Saved entries:

——

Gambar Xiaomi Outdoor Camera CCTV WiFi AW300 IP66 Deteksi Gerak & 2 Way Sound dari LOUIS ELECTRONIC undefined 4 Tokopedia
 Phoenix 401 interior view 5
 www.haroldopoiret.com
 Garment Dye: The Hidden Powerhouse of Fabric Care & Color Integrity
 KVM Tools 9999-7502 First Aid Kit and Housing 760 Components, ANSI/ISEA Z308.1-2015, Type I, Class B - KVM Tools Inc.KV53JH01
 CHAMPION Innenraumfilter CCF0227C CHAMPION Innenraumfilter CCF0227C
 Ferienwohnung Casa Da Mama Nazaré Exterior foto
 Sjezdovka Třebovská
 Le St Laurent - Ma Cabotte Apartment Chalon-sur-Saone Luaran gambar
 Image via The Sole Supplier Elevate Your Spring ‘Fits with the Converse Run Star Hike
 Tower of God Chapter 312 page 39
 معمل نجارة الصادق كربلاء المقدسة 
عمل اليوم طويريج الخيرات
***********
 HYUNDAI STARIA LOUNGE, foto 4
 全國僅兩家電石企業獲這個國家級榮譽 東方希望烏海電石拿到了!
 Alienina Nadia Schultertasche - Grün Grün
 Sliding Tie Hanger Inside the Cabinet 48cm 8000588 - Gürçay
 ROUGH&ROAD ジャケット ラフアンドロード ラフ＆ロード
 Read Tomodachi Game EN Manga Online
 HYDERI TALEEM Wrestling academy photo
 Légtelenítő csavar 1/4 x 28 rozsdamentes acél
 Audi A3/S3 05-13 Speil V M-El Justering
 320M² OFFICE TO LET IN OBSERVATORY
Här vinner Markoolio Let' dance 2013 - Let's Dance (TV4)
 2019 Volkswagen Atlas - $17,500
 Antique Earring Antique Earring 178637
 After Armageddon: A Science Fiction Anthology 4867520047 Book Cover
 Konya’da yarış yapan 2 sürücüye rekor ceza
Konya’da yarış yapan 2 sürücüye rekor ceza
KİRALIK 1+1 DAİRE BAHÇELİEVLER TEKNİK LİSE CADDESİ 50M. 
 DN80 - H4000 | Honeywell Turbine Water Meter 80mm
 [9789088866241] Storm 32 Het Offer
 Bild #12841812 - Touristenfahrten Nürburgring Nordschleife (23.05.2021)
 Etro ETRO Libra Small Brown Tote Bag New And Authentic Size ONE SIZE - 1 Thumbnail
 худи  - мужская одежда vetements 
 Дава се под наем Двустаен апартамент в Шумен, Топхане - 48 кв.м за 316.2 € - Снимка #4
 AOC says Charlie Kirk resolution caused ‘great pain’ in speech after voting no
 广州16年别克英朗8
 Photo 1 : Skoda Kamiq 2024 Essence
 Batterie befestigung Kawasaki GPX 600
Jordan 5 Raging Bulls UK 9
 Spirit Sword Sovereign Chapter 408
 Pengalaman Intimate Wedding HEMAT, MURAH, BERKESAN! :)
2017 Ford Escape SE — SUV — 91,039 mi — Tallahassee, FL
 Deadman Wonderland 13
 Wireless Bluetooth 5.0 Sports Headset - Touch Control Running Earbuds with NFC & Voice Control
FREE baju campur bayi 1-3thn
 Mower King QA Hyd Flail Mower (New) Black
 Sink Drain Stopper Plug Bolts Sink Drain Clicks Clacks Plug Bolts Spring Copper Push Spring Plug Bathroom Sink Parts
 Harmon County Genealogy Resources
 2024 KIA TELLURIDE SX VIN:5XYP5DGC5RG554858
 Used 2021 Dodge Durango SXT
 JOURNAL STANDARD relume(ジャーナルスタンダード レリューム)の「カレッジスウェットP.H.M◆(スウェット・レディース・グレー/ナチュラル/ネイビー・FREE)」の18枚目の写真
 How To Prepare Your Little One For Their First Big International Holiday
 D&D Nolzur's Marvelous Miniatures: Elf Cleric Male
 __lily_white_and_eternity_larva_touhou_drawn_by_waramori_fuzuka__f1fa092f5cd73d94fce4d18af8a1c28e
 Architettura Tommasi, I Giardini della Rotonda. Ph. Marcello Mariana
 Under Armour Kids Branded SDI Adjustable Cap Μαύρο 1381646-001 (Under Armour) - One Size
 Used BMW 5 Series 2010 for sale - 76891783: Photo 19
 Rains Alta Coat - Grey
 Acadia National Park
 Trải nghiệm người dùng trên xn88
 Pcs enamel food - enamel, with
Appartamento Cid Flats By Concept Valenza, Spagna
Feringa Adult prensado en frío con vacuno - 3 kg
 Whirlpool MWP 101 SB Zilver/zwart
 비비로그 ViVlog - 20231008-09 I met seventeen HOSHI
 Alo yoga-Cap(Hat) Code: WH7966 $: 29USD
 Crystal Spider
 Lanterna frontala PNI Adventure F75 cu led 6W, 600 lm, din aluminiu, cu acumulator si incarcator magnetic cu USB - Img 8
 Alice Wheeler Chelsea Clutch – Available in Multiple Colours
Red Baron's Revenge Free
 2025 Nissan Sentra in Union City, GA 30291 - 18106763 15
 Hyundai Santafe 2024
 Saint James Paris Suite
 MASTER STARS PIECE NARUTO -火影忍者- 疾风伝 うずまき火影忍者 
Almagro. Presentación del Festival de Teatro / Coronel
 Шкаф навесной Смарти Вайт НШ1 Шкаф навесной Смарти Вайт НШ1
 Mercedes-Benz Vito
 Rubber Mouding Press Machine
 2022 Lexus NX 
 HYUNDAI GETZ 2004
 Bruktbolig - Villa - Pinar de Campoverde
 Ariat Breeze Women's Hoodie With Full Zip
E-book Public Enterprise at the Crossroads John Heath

——

[The problem]
Exactly as written, repeat each line from the beginning of the data above to the line containing "Batterie befestigung Kawasaki GPX 600", inclusive.

[Reply to the exercise]
Gambar Xiaomi Outdoor Camera CCTV WiFi AW300 IP66 Deteksi Gerak & 2 Way Sound dari LOUIS ELECTRONIC undefined 4 Tokopedia
 Phoenix 401 interior view 5
 www.haroldopoiret.com
 Garment Dye: The Hidden Powerhouse of Fabric Care & Color Integrity
 KVM Tools 9999-7502 First Aid Kit and Housing 760 Components, ANSI/ISEA Z308.1-2015, Type I, Class B - KVM Tools Inc.KV53JH01
 CHAMPION Innenraumfilter CCF0227C CHAMPION Innenraumfilter CCF0227C
 Ferienwohnung Casa Da Mama Nazaré Exterior foto
 Sjezdovka Třebovská
 Le St Laurent - Ma Cabotte Apartment Chalon-sur-Saone Luaran gambar
 Image via The Sole Supplier Elevate Your Spring ‘Fits with the Converse Run Star Hike
 Tower of God Chapter 312 page 39
 معمل نجارة الصادق كربلاء المقدسة 
عمل اليوم طويريج الخيرات
***********
 HYUNDAI STARIA LOUNGE, foto 4
 全國僅兩家電石企業獲這個國家級榮譽 東方希望烏海電石拿到了!
 Alienina Nadia Schultertasche - Grün Grün
 Sliding Tie Hanger Inside the Cabinet 48cm 8000588 - Gürçay
 ROUGH&ROAD ジャケット ラフアンドロード ラフ＆ロード
 Read Tomodachi Game EN Manga Online
 HYDERI TALEEM Wrestling academy photo
 Légtelenítő csavar 1/4 x 28 rozsdamentes acél
 Audi A3/S3 05-13 Speil V M-El Justering
 320M² OFFICE TO LET IN OBSERVATORY
Här vinner Markoolio Let' dance 2013 - Let's Dance (TV4)
 2019 Volkswagen Atlas - $17,500
 Antique Earring Antique Earring 178637
 After Armageddon: A Science Fiction Anthology 4867520047 Book Cover
 Konya’da yarış yapan 2 sürücüye rekor ceza
Konya’da yarış yapan 2 sürücüye rekor ceza
KİRALIK 1+1 DAİRE BAHÇELİEVLER TEKNİK LİSE CADDESİ 50M. 
 DN80 - H4000 | Honeywell Turbine Water Meter 80mm
 [9789088866241] Storm 32 Het Offer
 Bild #12841812 - Touristenfahrten Nürburgring Nordschleife (23.05.2021)
 Etro ETRO Libra Small Brown Tote Bag New And Authentic Size ONE SIZE - 1 Thumbnail
 худи  - мужская одежда vetements 
 Дава се под наем Двустаен апартамент в Шумен, Топхане - 48 кв.м за 316.2 € - Снимка #4
 AOC says Charlie Kirk resolution caused ‘great pain’ in speech after voting no
 广州16年别克英朗8
 Photo 1 : Skoda Kamiq 2024 Essence
 Batterie befestigung Kawasaki GPX 600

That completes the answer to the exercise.